The problem
Without including pictures, set down every record exactly as it stands.

Excerpted records
=-=-=-=-=

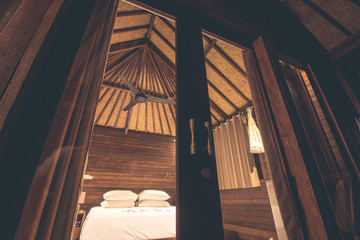 Wooden interior of villa on a tropical island of Nusa Lembongan, Bali, Indonesia.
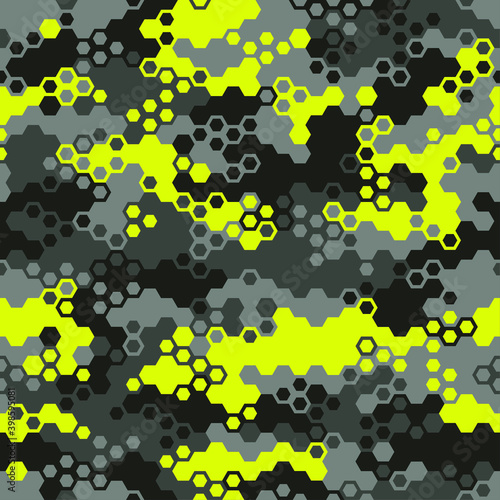 Hexagonal camouflage seamless pattern. Abstract modern geometric military endless background texture for fabric and fashion print. Vector illustration.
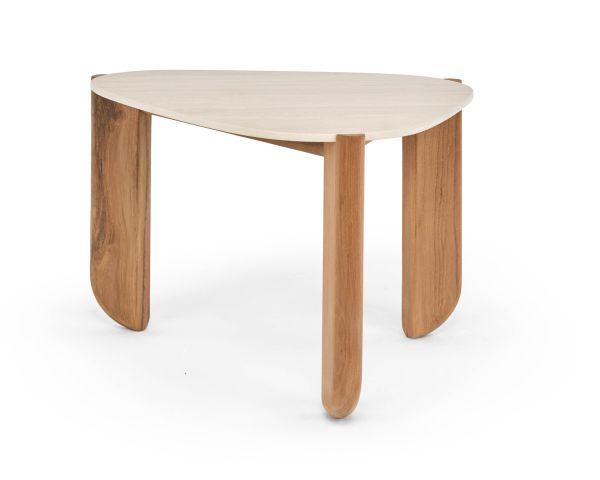 Table basse forme organique en teck massif et plateau céramique effet travertin "Osten"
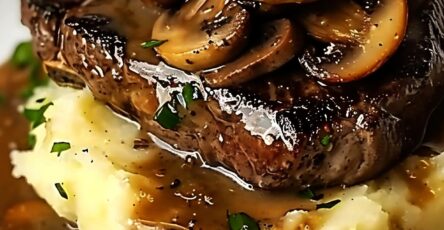 Steak with Mushroom Gravy and Creamy Mashed Potatoes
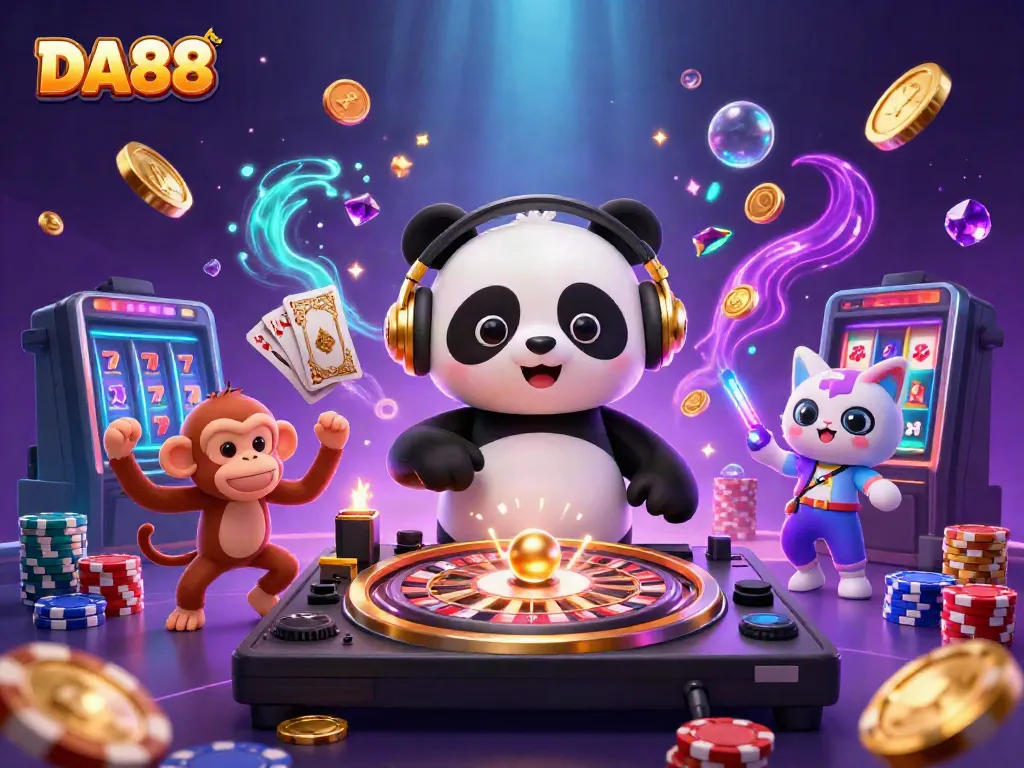 Spin and win at DA88 with a DJ panda and lively creatures, celebrating vibrant casino fun.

=-=-=-=-=

Result
 Wooden interior of villa on a tropical island of Nusa Lembongan, Bali, Indonesia.
 Hexagonal camouflage seamless pattern. Abstract modern geometric military endless background texture for fabric and fashion print. Vector illustration.
 Table basse forme organique en teck massif et plateau céramique effet travertin "Osten"
 Steak with Mushroom Gravy and Creamy Mashed Potatoes
 Spin and win at DA88 with a DJ panda and lively creatures, celebrating vibrant casino fun.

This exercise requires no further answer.